Work required> Please copy the data below exactly; none of the pictures in it belong in the copy.

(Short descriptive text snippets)
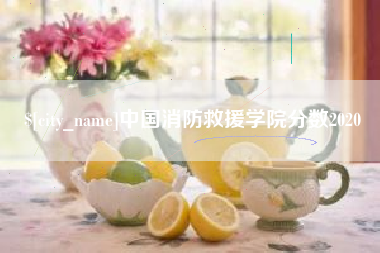 枣阳中国消防救援学院分数2020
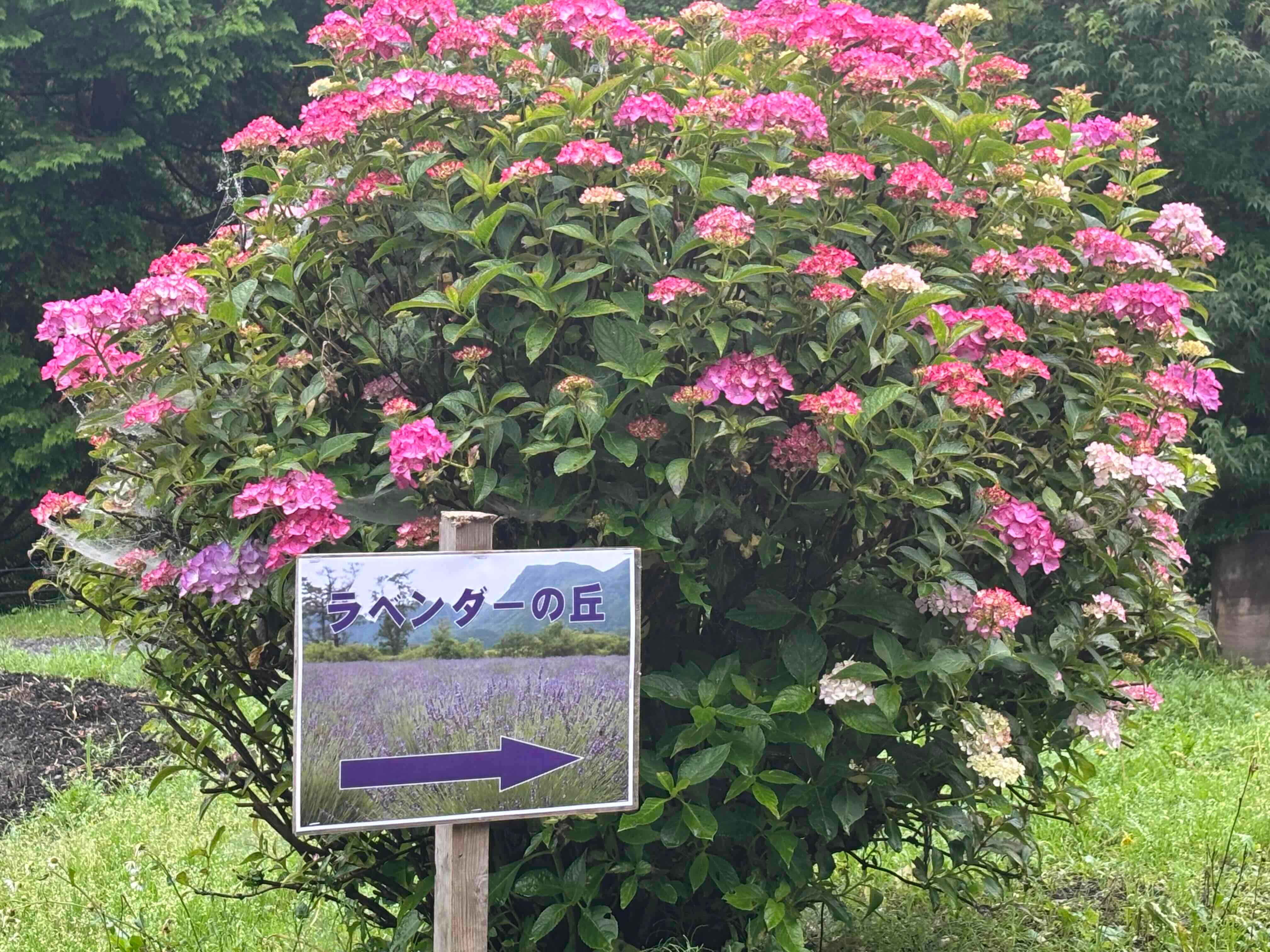 ブログ「6/27（土）現在の花畑の様子！ラベンダーまもなく見頃、摘み取り体験実施中！」の写真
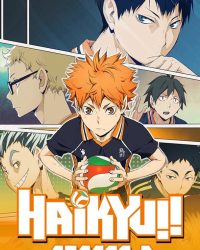 Haikyu – Chàng khổng lồ tí hon (Phần 2)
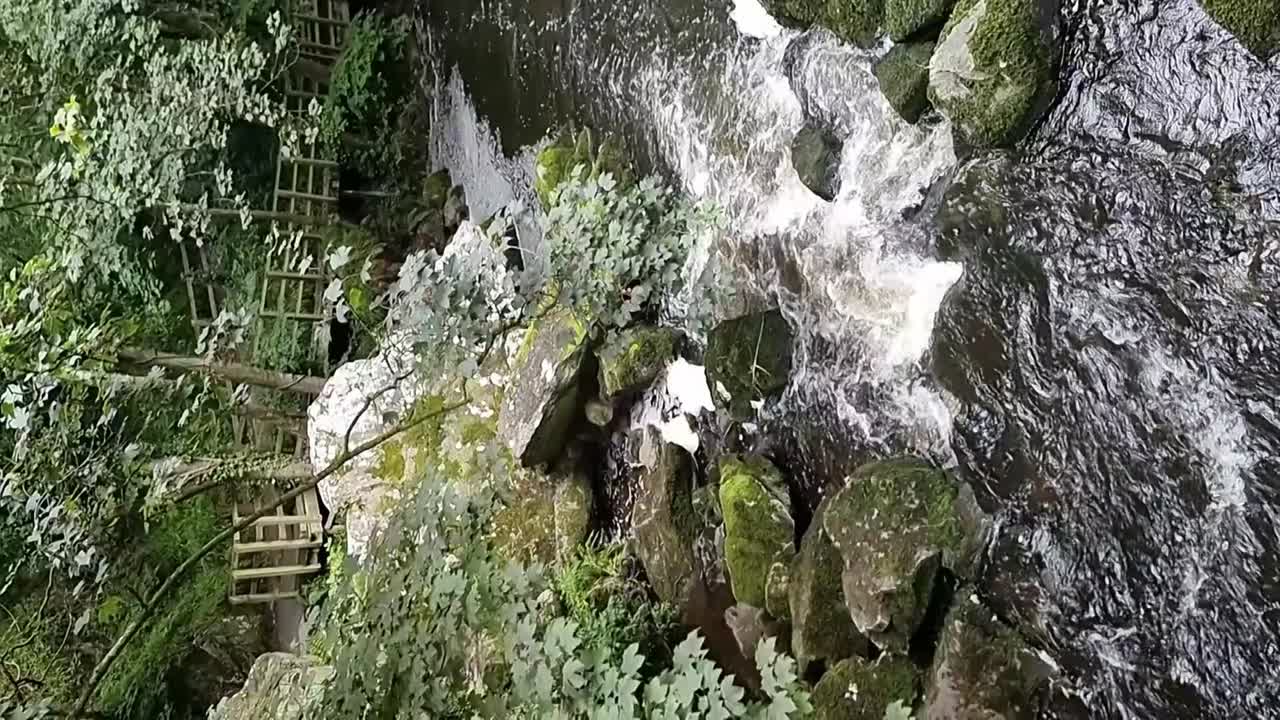 로키 웨일스 우드랜드 숲 자연 보호 구역을 가로지르는 수직 천천히 움직이는 하천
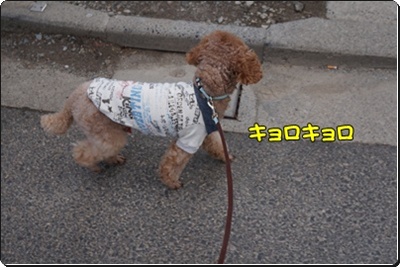 DSC08292.JPG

Exercise result>
 枣阳中国消防救援学院分数2020
 ブログ「6/27（土）現在の花畑の様子！ラベンダーまもなく見頃、摘み取り体験実施中！」の写真
 Haikyu – Chàng khổng lồ tí hon (Phần 2)
 로키 웨일스 우드랜드 숲 자연 보호 구역을 가로지르는 수직 천천히 움직이는 하천
 DSC08292.JPG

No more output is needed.